I will say a digital (or finitely describable) machine M is universal 
if M can "understand" a universal language L, in the sense of being 
able to compute any computable functions described in L (and thus all 
given that L is universal) . In term of digital machine, Church thesis 
becomes: there exists a universal digital machine.

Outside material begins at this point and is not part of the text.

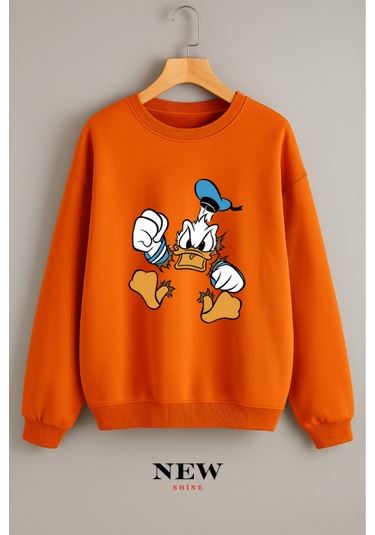 Ördek Baskılı Bisiklet Yaka Sweatshirt Turuncu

Now what is wrong with the following argument: if there is an universal 
language or machine, the computable functions can be described by 
finite description in that language, or program for that machine.
Such a set is obviously enumerable. There is a bijection between N and 
the set of those descriptions:

1   f1
2   f2
3   f3
4   f4

So the following function g is well-defined by:

g(n) = fn(n) + 1

Then, to compute it on the number n (439 say), just generate the 
description/program  of f1 f2 f3 ...  until fn, that is f439, apply it 
on n to get fn(n), f439(439), and add 1 to get g(n) = fn(n)+1, that is 
here: f439(439)+1.
But then g cannot be described in the language L! Why? Suppose g is 
described by a code in the language L: then g belongs somewhere in the 
list f1, f2, f3, f4, f5, .... Thus there would exist a number k such 
that g = fk, and thus g(k) = fk(k); but g(k) = fk(k)+1. And thus

fK(k) = fk(k)+1    (*)

And fk(k) is a well defined number given that the fi are all computable 
functions from N to N. So I can substract fk(k) on both sides of (*) 
just above, and I get 0 = 1 (contradiction). So there is no universal 
language, we cannot generate all computable functions, still less, 
then, to dovetail on them.

Where is the error? How could Church still assert that its 
"lambda-conversion calculus" (an ancestor of Lisp) is universal? What 
about Fortran, Lisp, Python or other Rational Unitary Matrices?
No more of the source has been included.